The Harsh Reality for Fully Staffed Models

The shuttered business cited industry-wide headwinds: rising labor costs, food inflation, and a shrinking pool of qualified workers. Sound familiar? These aren’t unique challenges—they’re structural ones that intensify when your business design doesn’t allow flexibility.

If your facility requires a bartender to pour the beer, a chef to run the kitchen, and a manager to close the building—even during your slowest hours—you’re locking yourself into high overhead regardless of demand.

And when seasonal drops hit or weekday afternoons go quiet, those costs don’t go away—they just eat into your margins.

Why Unmanned and Hybrid Models Are Winning

Unmanned (Automated) Golf Sim Facilities

These lean setups operate without onsite staff. Customers book online, access the space via keyless entry, and control their simulator through touchscreen interfaces. This allows business owners to:

  • Stay open 24/7

  • Avoid paying staff during slow periods

  • Operate with minimal fixed costs


You can run a profitable operation with fewer hours and less traffic, simply because the overhead is so low.

Hybrid Models (Self-Serve + Optional Staff)

Other operators are combining unmanned systems with strategic staffing: an attendant during peak hours, optional food pick-up or vending, automated lighting and launch monitor controls—all triggered remotely.

These businesses can scale up when it’s busy and wind down during quiet periods—without shutting the doors or bleeding money.
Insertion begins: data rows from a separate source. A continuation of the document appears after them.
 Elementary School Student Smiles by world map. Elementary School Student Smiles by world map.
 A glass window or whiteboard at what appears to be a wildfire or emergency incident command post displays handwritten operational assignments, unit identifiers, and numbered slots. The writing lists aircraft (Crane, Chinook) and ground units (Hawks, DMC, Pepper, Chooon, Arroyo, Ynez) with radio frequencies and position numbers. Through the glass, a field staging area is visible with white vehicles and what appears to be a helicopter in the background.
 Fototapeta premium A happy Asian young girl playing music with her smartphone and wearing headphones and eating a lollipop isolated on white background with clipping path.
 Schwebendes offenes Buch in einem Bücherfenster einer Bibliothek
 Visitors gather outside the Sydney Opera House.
If You Can’t Run Unmanned, You’re Vulnerable

The truth is simple: if you don’t have a plan to run unmanned during non-peak hours or off-season stretches, you’re at serious risk. Many of the operators who launched with full food-and-beverage models—modeled after Topgolf or 5 Iron style hospitality—are now facing harsh economic realities:

  • They can’t cover payroll during slow months

  • They can’t reduce hours without shutting down

  • They can’t segment their operations to run lean


And that’s exactly why so many have been forced to close.
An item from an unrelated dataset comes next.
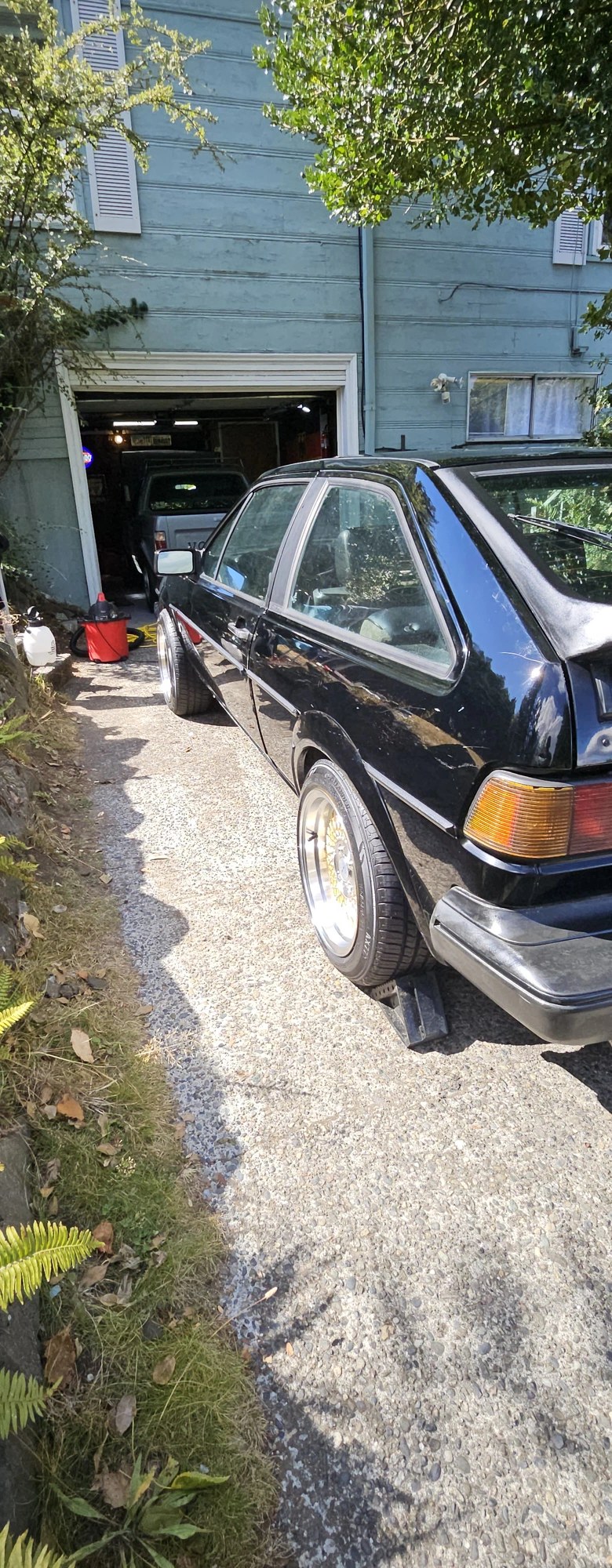 1988 VW Scirocco after detail — rear quarter, wheels polished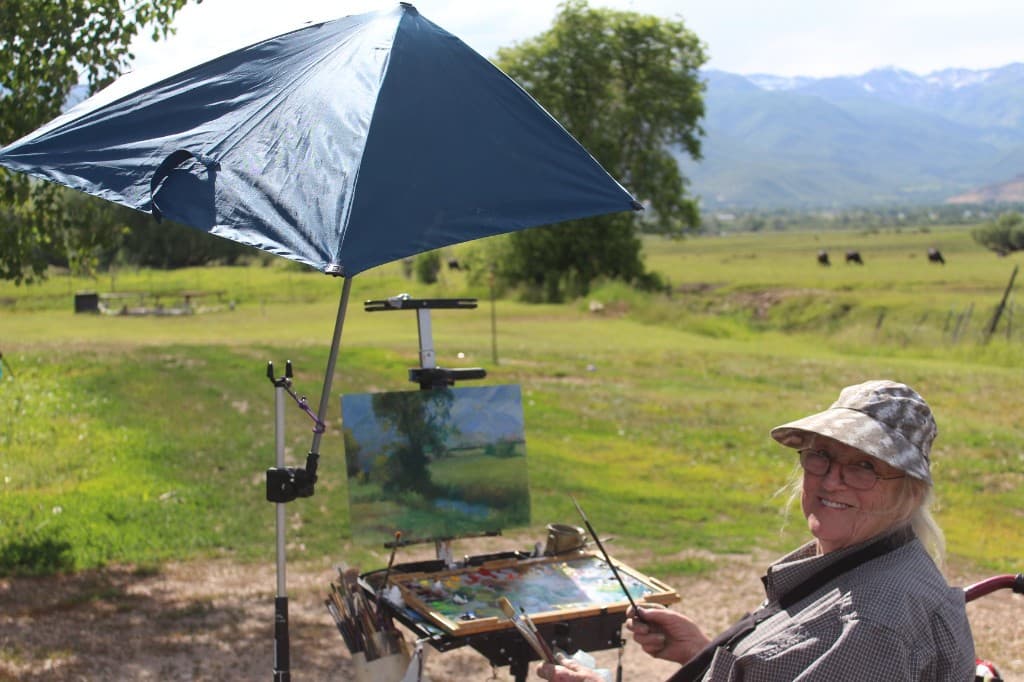 Linda Farrar painting plein air in a green meadow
Lessons for Future Operators

  1. Segment Your Spaces

  2. Don’t blend your restaurant with your simulators. Let each operate independently so one doesn’t drag down the other.

  3. Automate Access & Control

  4. Use door locks, launch monitor control that can be managed remotely or by the customer.

  5. Operate Like a Gym, Not a Restaurant

  6. Build your business on memberships, discounted hourly rates, and minimal staff—then layer in food and drink as a bonus, not the foundation.

  7. Build for the Slow Months, Not Just the Busy Season

  8. If your model only works at 80% capacity during weekends, it’s not a business—it’s a time bomb.


Final Thought

Golf simulator businesses that can’t segment food and beverage from gameplay, or staff from access, are finding it harder and harder to survive. The industry is shifting toward self-service, automated, and lean operational models because that’s what the economics demand.

You don’t need to be open 24/7—but you do need a business that can be.

Because if you’re relying on full staffing and bar sales to break even, you’re not building a golf business—you’re gambling with hospitality margins. And in this market, that’s a bet too many have already lost.